I got a Centerpoint Sniper 370, it's under $300.00 and has an adjustable stock so as he grows it will. I can get 2" groups at 40 yards with field or broadheads. You can shop around, I got mine for under $250.00 by getting Academy to price match Walmart plus 5% below. Good Hunting!


----------



## RockyMountainBasser (Aug 8, 2017)

My Dad bought a PSE Fang and it groups BH's like field points.  Naturally, as he is getting older, he only wants to keep his shots under 50 yards, but even out to 50, they are grouping amazingly.

Personally, I think you pay for what you get when it comes to crossbows.  Spend a little more money and you will be pleasantly surprised.......go the cheaper route and you will end up being disgusted with it.

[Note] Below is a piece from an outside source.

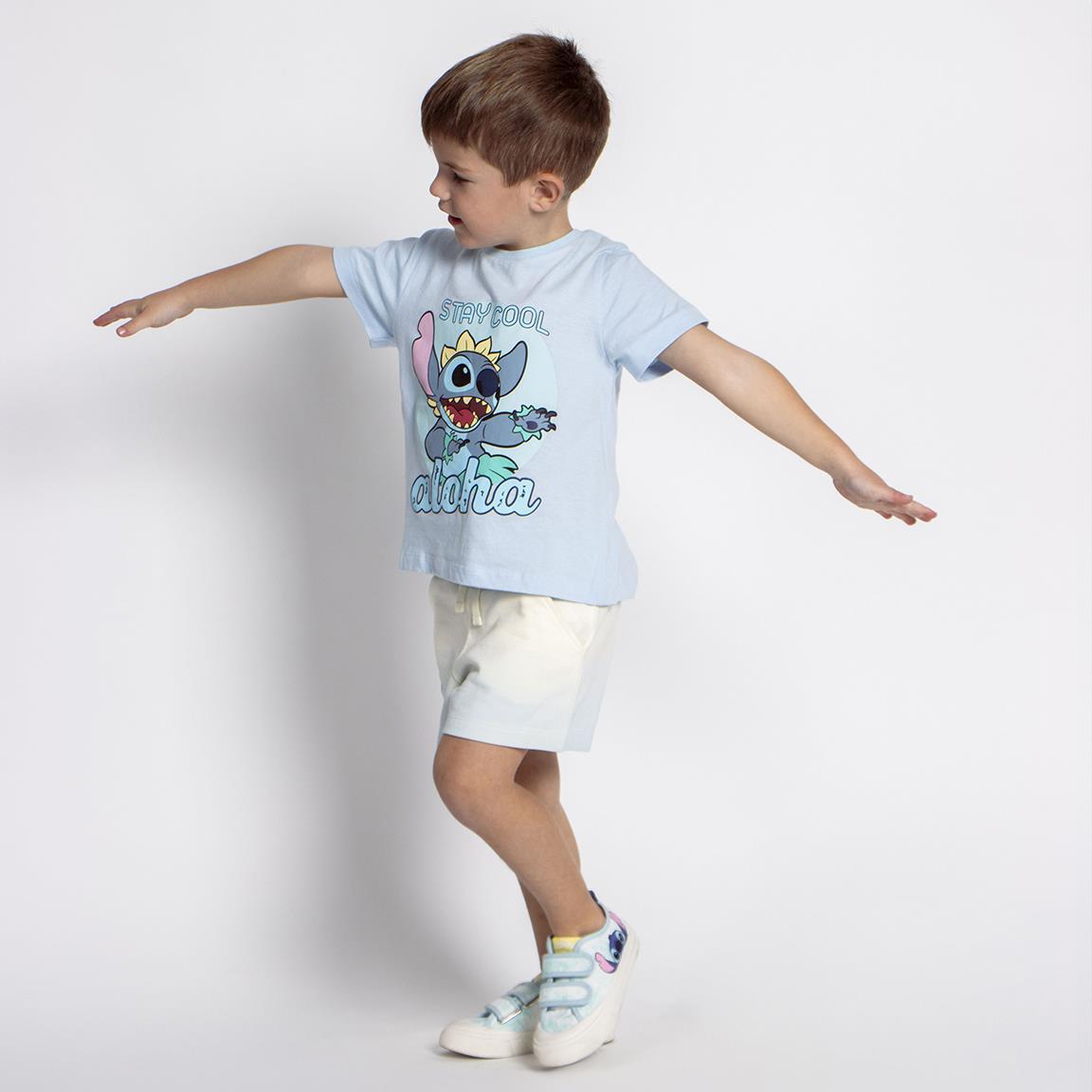 KOMPLET TRIČKO A KRAŤASY STITCH, 116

I also recommend shooting mechanical heads.  Dad was shooting Muzzy's last year, but is switching to Schwacker BH's this fall after I have joined the Schwacker bandwagon.  Going to give them a run this fall and see how I like them, and if I don't, I will go to something else.


----------



## Kris87 (Aug 8, 2017)

My son is 9 and he has a PSE Fang also.  Killed his first deer with it last year.  I wanted him to start with a crossbow, then move to a bow, and skip the rifle all together.  Its a great crossbow for the money.


----------



## shootemall (Aug 9, 2017)

bigboi60 said:


> I got a Centerpoint Sniper 370, it's under $300.00 and has an adjustable stock so as he grows it will. I can get 2" groups at 40 yards with field or broadheads. You can shop around, I got mine for under $250.00 by getting Academy to price match Walmart plus 5% below. Good Hunting!

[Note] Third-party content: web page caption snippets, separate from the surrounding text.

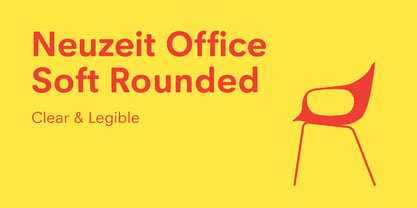 Neuzeit Office Soft Rounded Fuente Póster 1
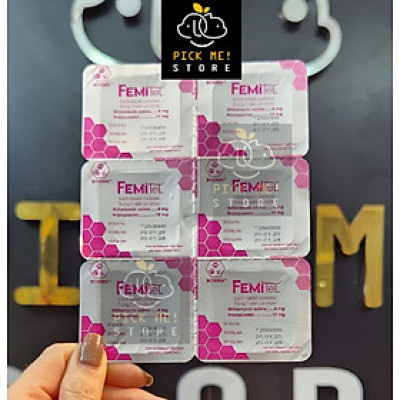 BOSSEN - FEMITEL Xổ Giun Sán, Phòng Ngừa Giun Tim cho Mèo dạng Viên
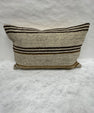 Turkish Hemp Pillow Cushion Natural Beige Brown Pillow Cushion Cover 16" x 24" #30085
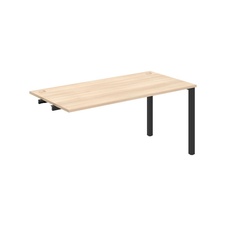 HOBIS prídavný kancelársky stôl rovný - US 1600 R, agát - 1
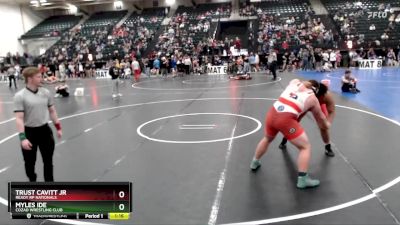 285 lbs Champ. Round 1 - Myles Ide, Cozad Wrestling Club vs Trust Cavitt Jr, Ready RP Nationals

I got this at Cabelas last week. Had employee discount sale, so it was about $250, came with 4x32 scope, sling, 3 bolts and 5 year warranty. There were guards on front grip to prevent fingers from going into string path. Yeah it's cheap, but it's a starter. The adjustable stock really worked for him. 
He shot 2 bucks last year with rifle. Now he can beat me at archery too, and I'll enjoy every minute of it. Thanks for all the replies and input. Good luck all!


----------



## alligood729 (Aug 9, 2017)

PSE also has the FangLT, a little less $ and a little slower (330fps) than the Fang XT. It's adjustable from 165lb to 145lb, comes with the same ready to shoot package...


----------



## red neck richie (Aug 10, 2017)

bigboi60 said:


> I got a Centerpoint Sniper 370, it's under $300.00 and has an adjustable stock so as he grows it will. I can get 2" groups at 40 yards with field or broadheads. You can shop around, I got mine for under $250.00 by getting Academy to price match Walmart plus 5% below. Good Hunting!

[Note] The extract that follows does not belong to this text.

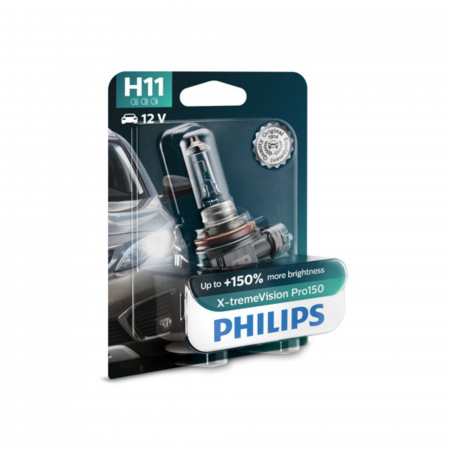 Electrica si Electronice Auto - Bec Far H11 12V 55W X-Treme Vision Pro150 (Blister) Philips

This! I don't shoot groups with it though I ruin to many arrows that way. But now is a good time there are a lot of sales going on.


----------



## shdw633 (Aug 11, 2017)

http://www.ebay.com/itm/Barnett-Rap...47246a4ef3b&rpp_icid=597f78ee36f1f935113ed9de


----------



## shootemall (Aug 13, 2017)

shdw633 said:


> http://www.ebay.com/itm/Barnett-Rap...47246a4ef3b&rpp_icid=597f78ee36f1f935113ed9de


Dag nabbit, I was happy with my purchase until I saw that... It's all good. Hopefully somebody will see it and get a deal. We shot a bunch in the back yard today. My nine year old "deer slayer" was excited, but the best thing it's that now my seven y.o. wants to shoot a deer too. He's gone hunting, but never hunted. I may not even pull a trigger, and this could be my best year yet.


----------